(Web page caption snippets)

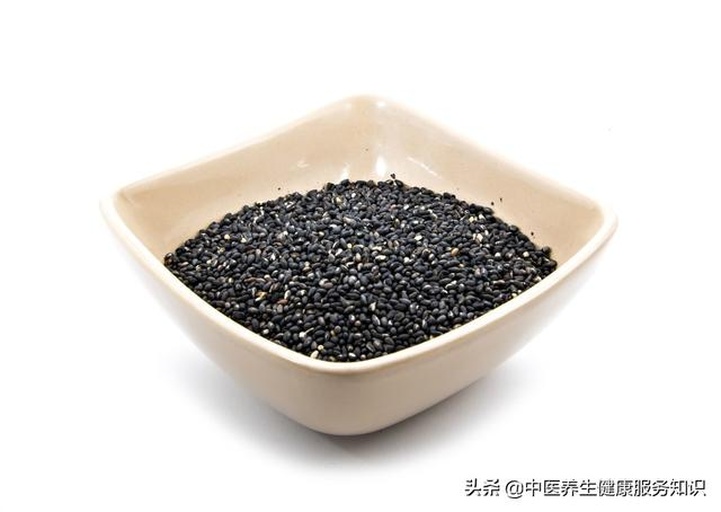 一个白色瓷碗中盛放着炒熟的黑芝麻与白芝麻混合物,旁边摆放木勺、研磨器和一小碟芝麻酱,背景是中式厨房台面,有酱油瓶、葱段和蒸笼,整体画面温暖自然,体现芝麻在日常饮食中的广泛应用 厨房中的芝麻应用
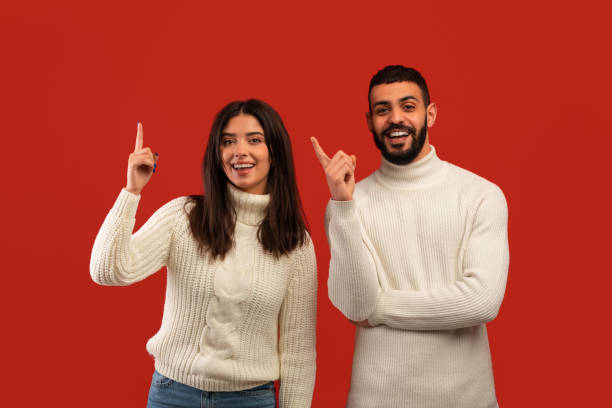 istock Middle eastern couple pointing fingers up, having great idea and smiling to camera, standing over red studio background 1368559755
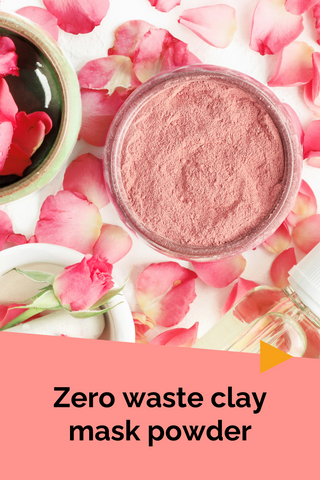 Pot of rose clay powder and petals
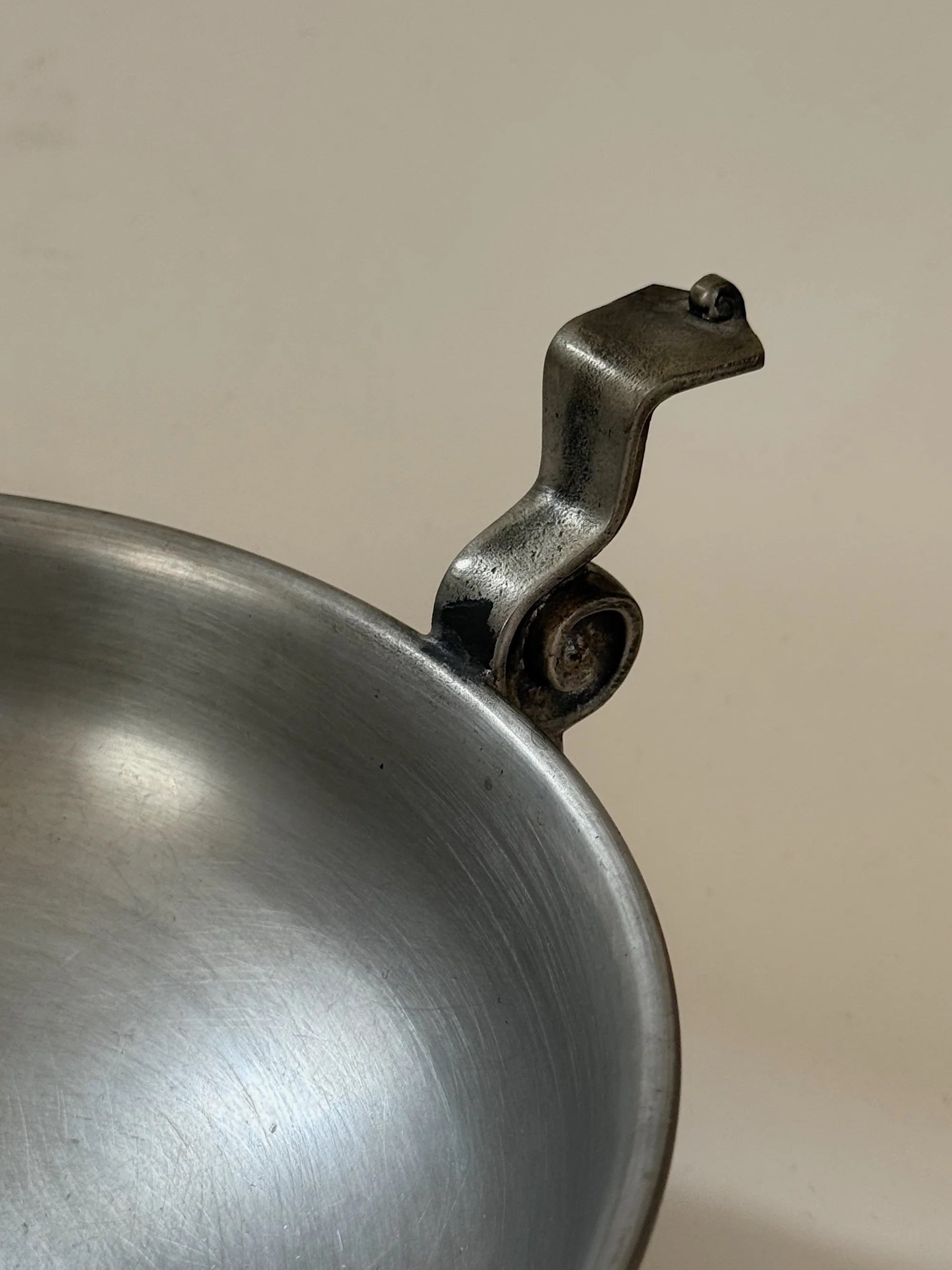Pewter Bowl with Scroll Handles Edvin Ollers, 1952 — close-up of scroll handle detail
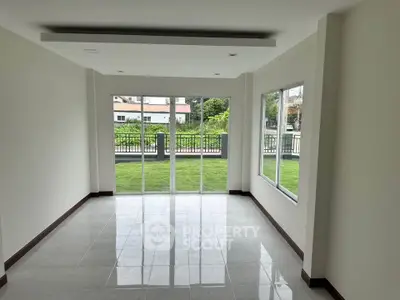Spacious living room with large windows offering a lush garden view, perfect for natural light lovers.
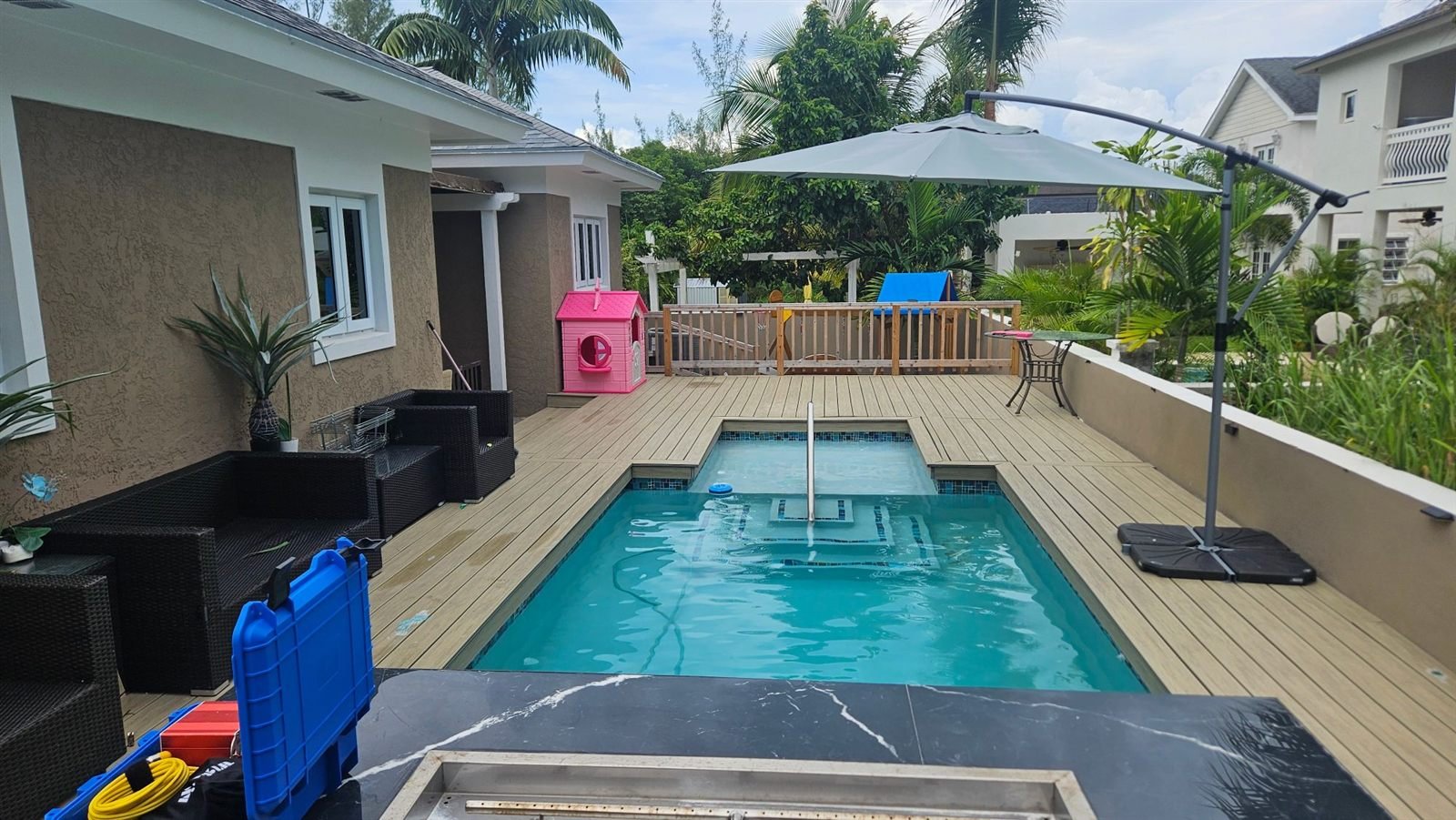 Backyard plunge pool and deck with leak detection equipment cases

**What to produce**
Every line from the one containing "Pot of rose clay powder and petals" through the last line of the data is to be retyped exactly, with nothing added and no pictures included.

**Response to this task**
 Pot of rose clay powder and petals
Pewter Bowl with Scroll Handles Edvin Ollers, 1952 — close-up of scroll handle detail
Spacious living room with large windows offering a lush garden view, perfect for natural light lovers.
 Backyard plunge pool and deck with leak detection equipment cases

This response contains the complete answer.